Because cancer research needs insightful observations to determine complex etiologies, researchers introduced high-throughput microarrays to investigate the expression of multiple genes under specific conditions (11, 12). In three published reports of microarray studies on AGR cancer, many differentially expressed genes (DEGs) were suggested as candidate biomarkers of AGR but these individual studies were limited by small sample sizes, low sample quality, and differences in laboratory protocols (13, 14). In order to minimize the uncertainty in these findings, we identified the DEGs that were consistently detected in paired samples from all microarray datasets, using a cross-platform meta-analysis. To organize the results, we also approached available data topologically, performing an integrative analysis of the DEGs at the gene or protein level.

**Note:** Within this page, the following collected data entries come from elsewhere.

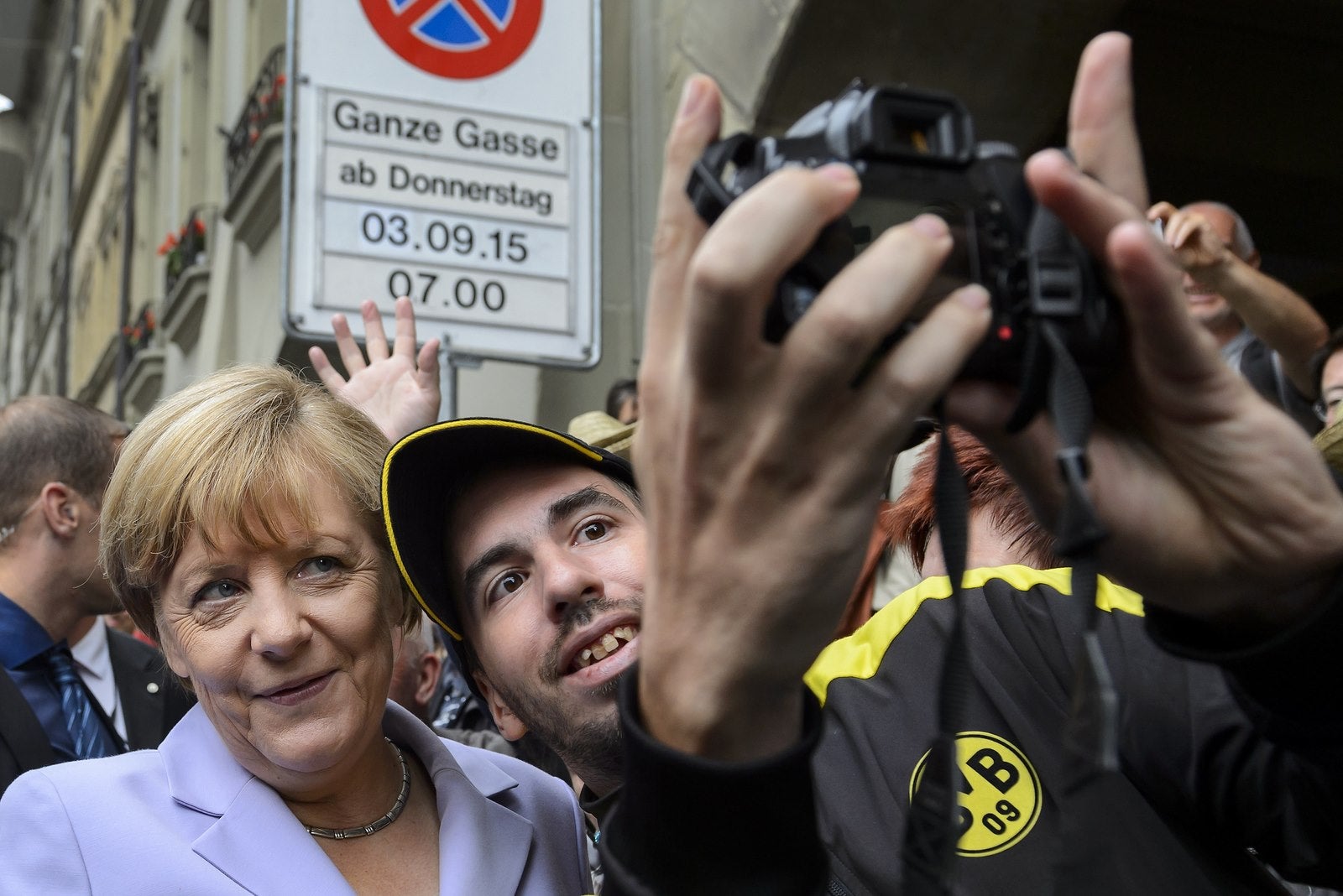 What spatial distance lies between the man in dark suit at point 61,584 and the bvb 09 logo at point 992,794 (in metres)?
2.13

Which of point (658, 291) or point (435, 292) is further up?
point (435, 292)

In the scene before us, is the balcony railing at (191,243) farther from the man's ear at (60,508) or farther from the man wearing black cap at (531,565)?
the man wearing black cap at (531,565)

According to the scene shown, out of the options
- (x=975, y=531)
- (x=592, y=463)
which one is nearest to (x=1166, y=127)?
(x=975, y=531)

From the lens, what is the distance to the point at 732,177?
2.90 ft

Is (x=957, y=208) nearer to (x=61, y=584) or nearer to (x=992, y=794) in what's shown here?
(x=992, y=794)

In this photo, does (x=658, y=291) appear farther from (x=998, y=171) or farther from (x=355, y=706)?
(x=355, y=706)

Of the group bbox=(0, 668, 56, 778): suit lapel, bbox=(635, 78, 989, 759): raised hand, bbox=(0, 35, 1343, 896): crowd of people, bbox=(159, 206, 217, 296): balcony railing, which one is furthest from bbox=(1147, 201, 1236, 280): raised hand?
bbox=(159, 206, 217, 296): balcony railing

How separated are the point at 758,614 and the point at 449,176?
3086 mm

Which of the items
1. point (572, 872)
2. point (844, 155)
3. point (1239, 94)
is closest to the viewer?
point (844, 155)

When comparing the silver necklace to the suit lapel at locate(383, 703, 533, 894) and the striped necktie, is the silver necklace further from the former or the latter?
the striped necktie

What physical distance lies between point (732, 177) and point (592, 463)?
1.09 metres

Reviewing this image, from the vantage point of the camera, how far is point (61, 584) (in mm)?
3373

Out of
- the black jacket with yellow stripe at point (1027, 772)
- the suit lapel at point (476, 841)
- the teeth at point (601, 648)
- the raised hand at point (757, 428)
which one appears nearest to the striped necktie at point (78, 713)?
the suit lapel at point (476, 841)

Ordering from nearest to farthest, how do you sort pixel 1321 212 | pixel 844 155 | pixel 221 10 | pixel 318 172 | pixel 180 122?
pixel 844 155, pixel 318 172, pixel 1321 212, pixel 221 10, pixel 180 122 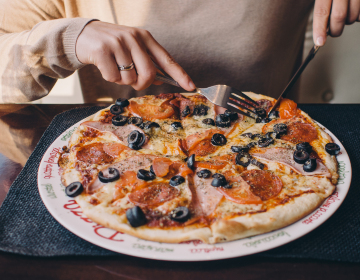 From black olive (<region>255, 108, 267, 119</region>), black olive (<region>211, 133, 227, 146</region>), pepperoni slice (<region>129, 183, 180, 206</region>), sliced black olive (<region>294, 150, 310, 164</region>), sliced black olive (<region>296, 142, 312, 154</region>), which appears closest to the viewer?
pepperoni slice (<region>129, 183, 180, 206</region>)

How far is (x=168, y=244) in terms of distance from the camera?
132 centimetres

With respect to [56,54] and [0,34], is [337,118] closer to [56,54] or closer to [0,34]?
Answer: [56,54]

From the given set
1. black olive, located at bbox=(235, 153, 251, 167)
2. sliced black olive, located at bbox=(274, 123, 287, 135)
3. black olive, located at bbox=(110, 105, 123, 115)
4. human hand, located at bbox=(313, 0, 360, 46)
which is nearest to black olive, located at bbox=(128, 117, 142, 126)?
black olive, located at bbox=(110, 105, 123, 115)

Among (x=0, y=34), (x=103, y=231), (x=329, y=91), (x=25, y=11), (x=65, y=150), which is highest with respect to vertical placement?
(x=25, y=11)

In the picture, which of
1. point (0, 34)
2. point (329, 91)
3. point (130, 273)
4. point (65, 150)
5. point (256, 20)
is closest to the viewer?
point (130, 273)

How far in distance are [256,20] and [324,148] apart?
148cm

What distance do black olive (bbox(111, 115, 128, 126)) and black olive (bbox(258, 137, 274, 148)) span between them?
1008mm

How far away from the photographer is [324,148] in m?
1.95

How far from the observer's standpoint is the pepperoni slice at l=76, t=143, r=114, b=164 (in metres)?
1.86

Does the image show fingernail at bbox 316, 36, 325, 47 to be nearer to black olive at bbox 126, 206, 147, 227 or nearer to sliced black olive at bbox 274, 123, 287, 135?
sliced black olive at bbox 274, 123, 287, 135

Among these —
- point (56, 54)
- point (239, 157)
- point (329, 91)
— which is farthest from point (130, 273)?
point (329, 91)

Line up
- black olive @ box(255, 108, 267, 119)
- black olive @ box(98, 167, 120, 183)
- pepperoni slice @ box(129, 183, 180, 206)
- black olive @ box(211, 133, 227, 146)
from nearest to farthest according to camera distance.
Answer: pepperoni slice @ box(129, 183, 180, 206) < black olive @ box(98, 167, 120, 183) < black olive @ box(211, 133, 227, 146) < black olive @ box(255, 108, 267, 119)

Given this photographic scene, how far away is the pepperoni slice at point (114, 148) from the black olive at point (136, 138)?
0.22ft

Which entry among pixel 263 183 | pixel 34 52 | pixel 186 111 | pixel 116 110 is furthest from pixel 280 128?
pixel 34 52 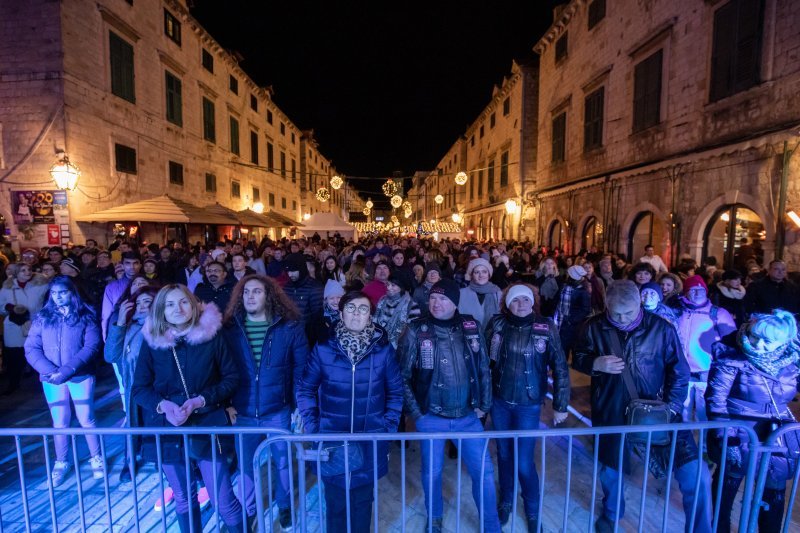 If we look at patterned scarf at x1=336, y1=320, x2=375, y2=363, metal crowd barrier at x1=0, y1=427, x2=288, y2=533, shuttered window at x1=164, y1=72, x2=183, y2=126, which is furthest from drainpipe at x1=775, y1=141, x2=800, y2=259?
shuttered window at x1=164, y1=72, x2=183, y2=126

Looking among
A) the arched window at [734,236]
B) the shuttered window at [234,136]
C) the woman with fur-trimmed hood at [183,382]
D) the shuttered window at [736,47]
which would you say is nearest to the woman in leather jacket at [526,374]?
the woman with fur-trimmed hood at [183,382]

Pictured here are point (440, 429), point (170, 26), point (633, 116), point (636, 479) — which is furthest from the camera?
point (170, 26)

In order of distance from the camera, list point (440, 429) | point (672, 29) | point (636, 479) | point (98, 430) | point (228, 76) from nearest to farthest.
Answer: point (98, 430), point (440, 429), point (636, 479), point (672, 29), point (228, 76)

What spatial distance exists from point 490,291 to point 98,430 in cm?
418

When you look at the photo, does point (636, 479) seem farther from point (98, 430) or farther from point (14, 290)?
point (14, 290)

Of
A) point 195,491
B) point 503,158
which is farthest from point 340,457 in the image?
point 503,158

To our knowledge, this is the first report of a cross-platform meta-analysis of multiple gene-expression profiles from microarray datasets associated with AGR.
Materials and Methods
Selection of microarray datasets qualified for meta-analysis. We thoroughly evaluated the suitability of microarray datasets retrieved on Gene Expression Omnibus (GEO) database of National Center for Biotechnology Information (NCBI) (http://www.ncbi.nlm.nih.gov/geo/) and ArrayExpress database of the European Molecular Biology Laboratory-European Bioinformatics Institute (EMBL-EBI) (http://www.ebi.ac.uk/arrayexpress/), according to the Preferred Reporting Items for Systematic Reviews and Meta-Analysis (PRISMA) guidelines published in 2009 (15).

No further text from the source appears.